What to work on
Only the text of the records, copied exactly, is wanted; no pictures.

Source data
□ □ □ □
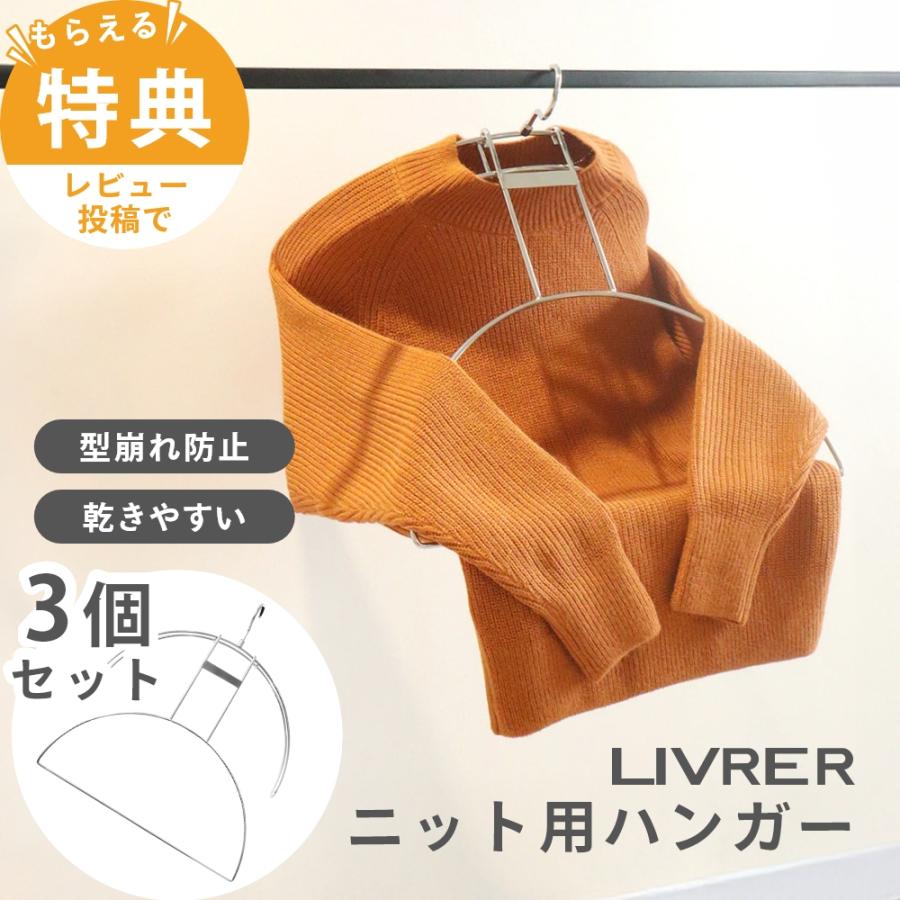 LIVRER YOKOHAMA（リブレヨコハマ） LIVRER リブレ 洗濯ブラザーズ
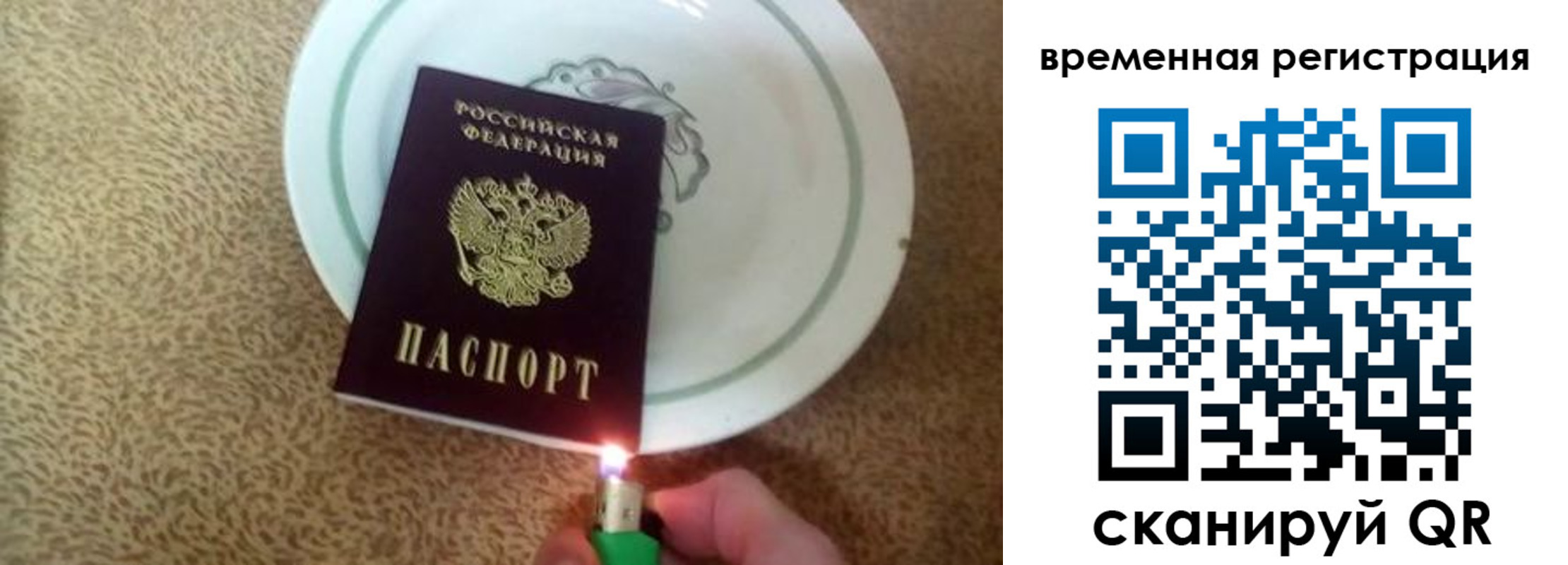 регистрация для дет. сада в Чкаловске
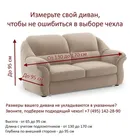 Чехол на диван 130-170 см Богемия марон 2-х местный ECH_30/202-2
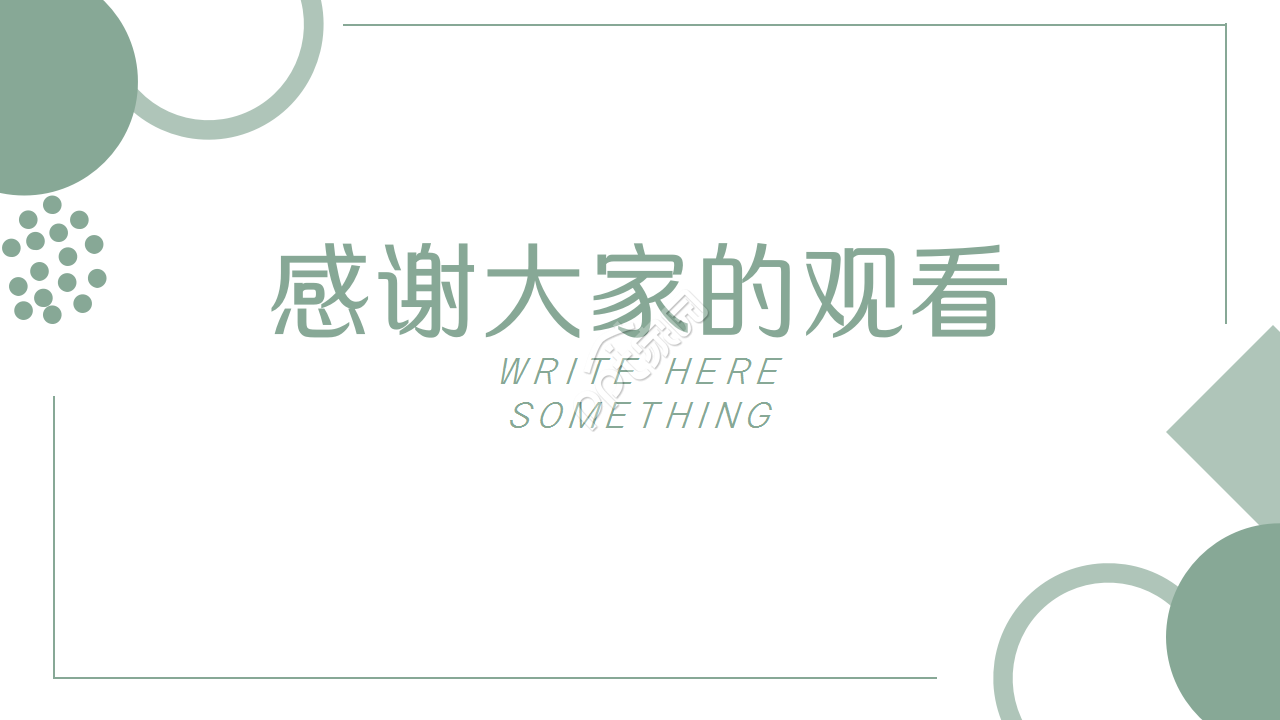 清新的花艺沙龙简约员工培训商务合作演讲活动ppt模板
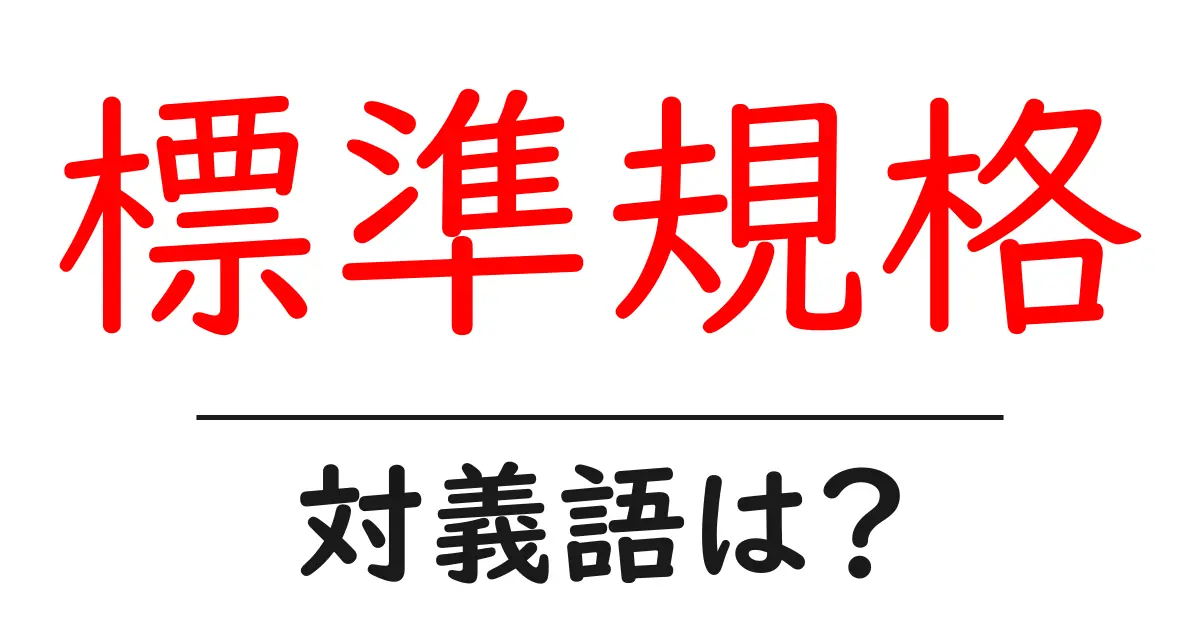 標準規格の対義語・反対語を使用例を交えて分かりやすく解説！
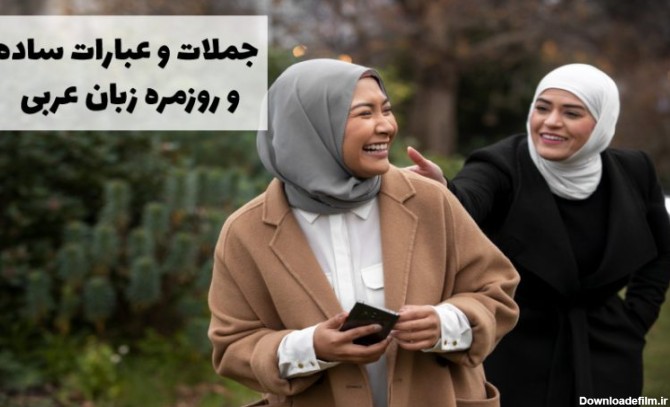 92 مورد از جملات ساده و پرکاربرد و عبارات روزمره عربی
□ □ □ □
Task answer
 LIVRER YOKOHAMA（リブレヨコハマ） LIVRER リブレ 洗濯ブラザーズ
 регистрация для дет. сада в Чкаловске
 Чехол на диван 130-170 см Богемия марон 2-х местный ECH_30/202-2
 清新的花艺沙龙简约员工培训商务合作演讲活动ppt模板
 標準規格の対義語・反対語を使用例を交えて分かりやすく解説！
 92 مورد از جملات ساده و پرکاربرد و عبارات روزمره عربی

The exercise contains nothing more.